Assignment:
Copy the listing below letter for letter, passing over each picture.

======== Provided records

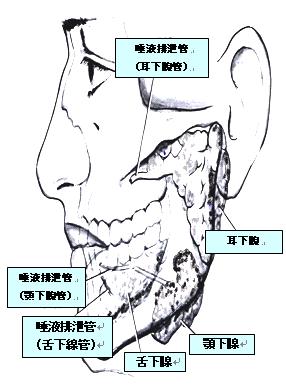 唾液の話[1]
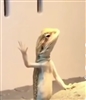 Nam1v9's avatar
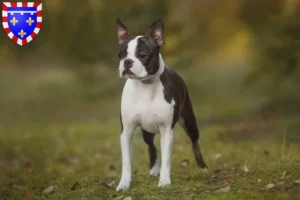 Lire la suite à propos de l’article Éleveurs de Boston terriers et chiots en Centre-Val de Loire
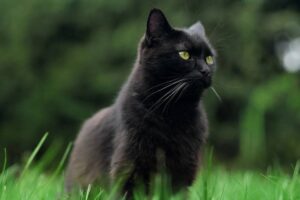 Lire la suite à propos de l’article Les astuces pour faire prendre un médicament à son chat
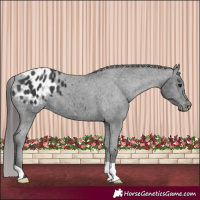 Horse Color:Black Appaloosa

================

Answer box:
 唾液の話[1]
 Nam1v9's avatar
 Lire la suite à propos de l’article Éleveurs de Boston terriers et chiots en Centre-Val de Loire
 Lire la suite à propos de l’article Les astuces pour faire prendre un médicament à son chat
 Horse Color:Black Appaloosa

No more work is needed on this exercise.